Thanks @amritv I just uploaded a tabular example, I’m working on getting an example with Tabular RAPIDs next, and then Baysian optimization, k-folds, along with Regression (rossmann)
<ipython-input-3-352c3a9f46af> in <module>() 1 from fastai2.basics import * ----> 2 from fastai2.callback.all import * 3 from fastai2.vision.all import *
Thanks @Jeremy! It means a lot hearing that from you I’ll try to not step on @sgugger’s toes too much then. These will focus more on a direct comparison of what’s new and some nice implementations (feature importance, Ranger, etc)
I’ve updated notebooks 1 and 2 now with ImageDataBunch examples as well as the full PipeLine (also from folder now works how we’re used to! Thanks Sylvain!)
So I was hoping for a RAPIDs notebook, but Colab is not seeming to let me use a T4 instance… otherwise I have a multi-label classification based on sgugger’s example
Hi. @muellerzr, trying to understand why importances in your notebook look not familiar to me (if I read importances correctly the top feature is responsible for only 3% of accuracy) as I compare it with my football case, where top feature is 30%-important, I have noticed that you calculate FI on a separate set. Have I understood it correctly?
If so it raises a serious question, should we calculate FI on a whole set (including the one we trained our model) or on a separate one (to try to be unbiased)?

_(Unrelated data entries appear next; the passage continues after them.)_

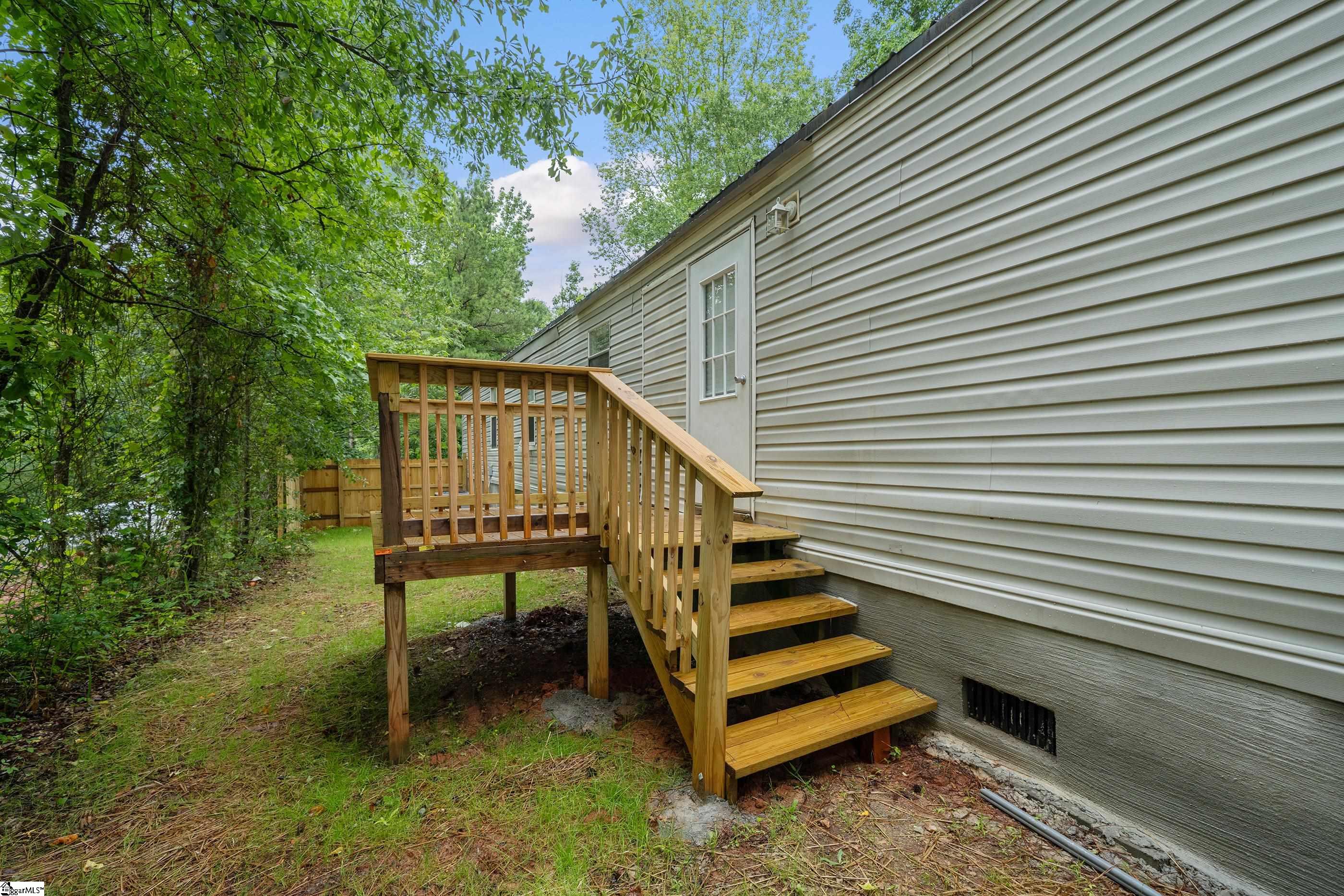 Property image 2 of 225 Cedar Ridge in Cedar Ridge, Anderson, SC 29621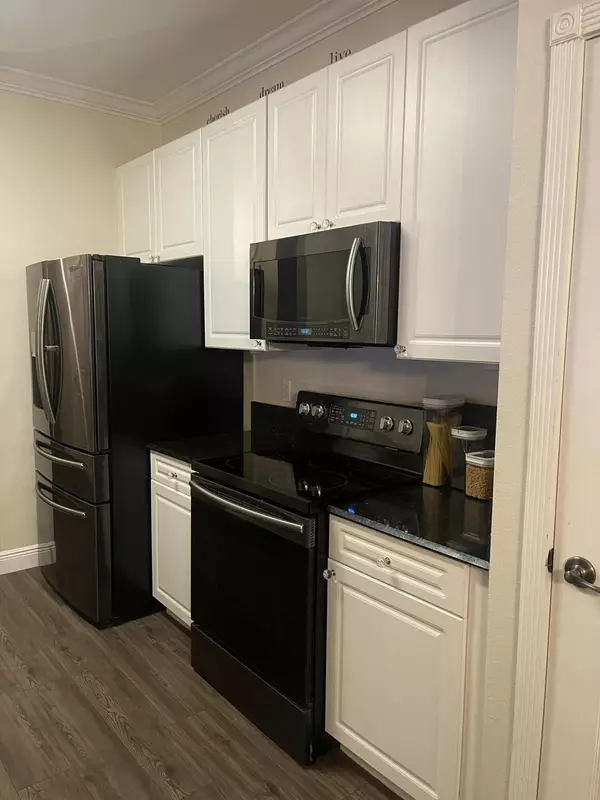 Port Saint Lucie, FL 34983,672 NE Bent Paddle LN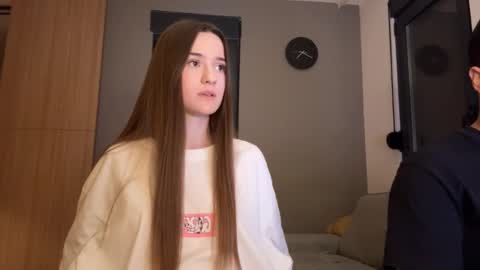 Snapshot of double_sun chatting on October 19, 10:32 pm Alice and Mark online show from October 19, 10:32 pm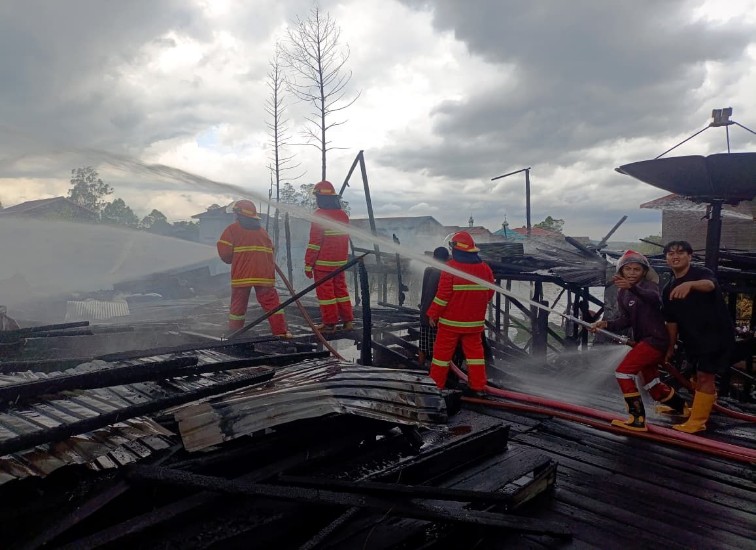Kebakaran di RT 08, Desa Kedang Murung, Kecamatan Kota Bangun. (Dok. Disdamkarmatan Kukar)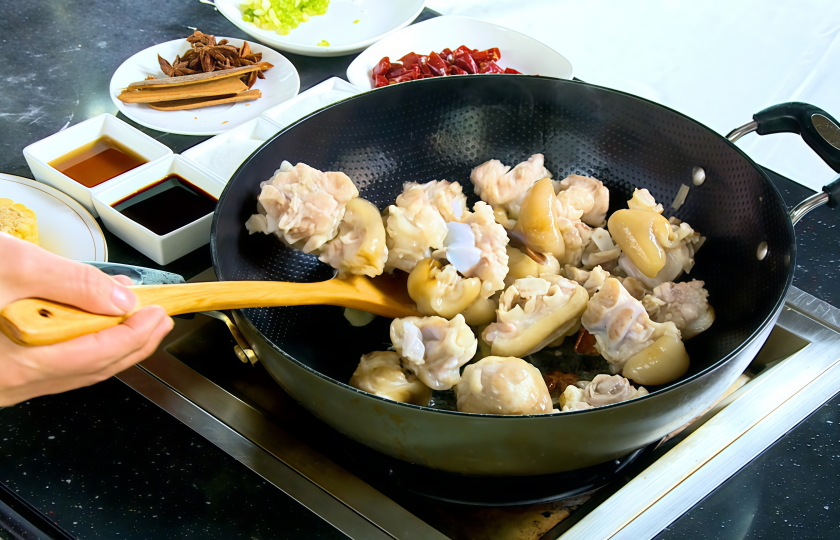 Stir-fry Pork Feet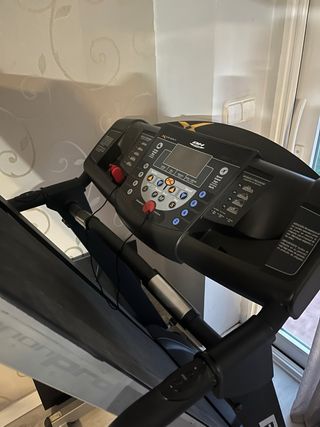 Cinta de correr BH profesional,  nueva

I have thought about it a bit beforehand and for now my mind is the following. As we, in this type of FI calculation, strictly speaking, more analyse the model itself than the data, we can use the whole dataset. It allows us a) use more data (which can be important when there is a scarcity of it) and b)maybe get more clear results as unaccuracy l of the test (never seen by the model) set is too big and have often the same order of magnitude than permutaion unaccuracy. I mean that (base_error - value) can be more chaotic as base_error is as big as value.

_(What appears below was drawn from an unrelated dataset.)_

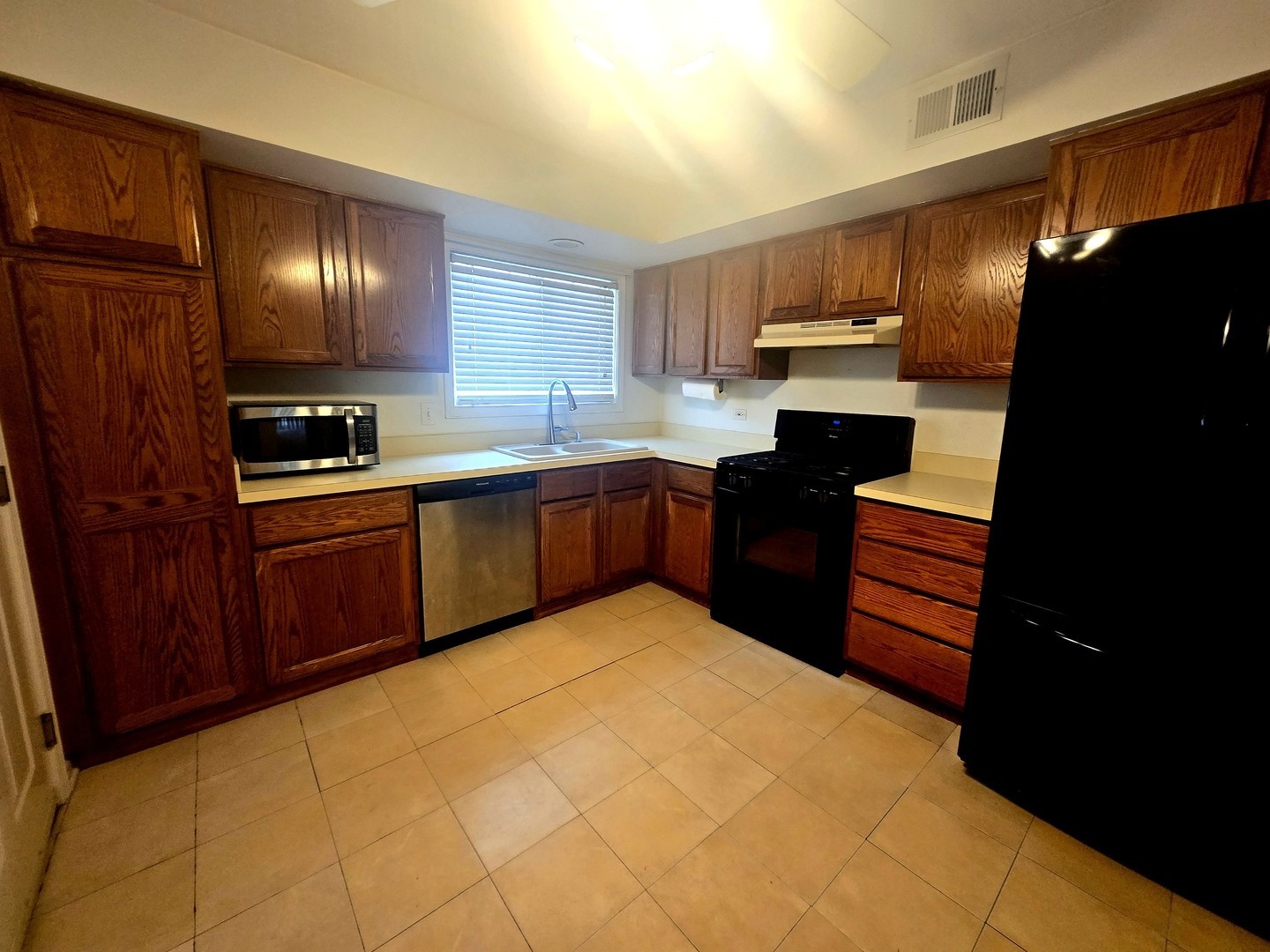 7867 N CALDWELL Avenue 106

By the way, I don’t really remember if Jeremy mentioned something regarding this topic on it in the video with Feature Importance concept
Hi @Pak! To answer your question, I chose (and have been using) a separate test entirely for a few reasons. I wanted FI to be focused on how my model is behaving on unseen data, to see what in the real world my model will do. This is two-fold, as it eliminates any biases during training in my features, and also allows for a better understanding of that model’s behavior during post-production.
Jeremy went over it briefly in the Intro to ML course, and I cannot recall correctly if he did permutation importance (it was random forests then)
Let me know if you have any thoughts or questions!
Also, here is a note from the scikit-learn documentation:
Using a held-out set makes it possible to highlight which features contribute the most to the generalization power of the inspected model. Features that are important on the training set but not on the held-out set might cause the model to overfit.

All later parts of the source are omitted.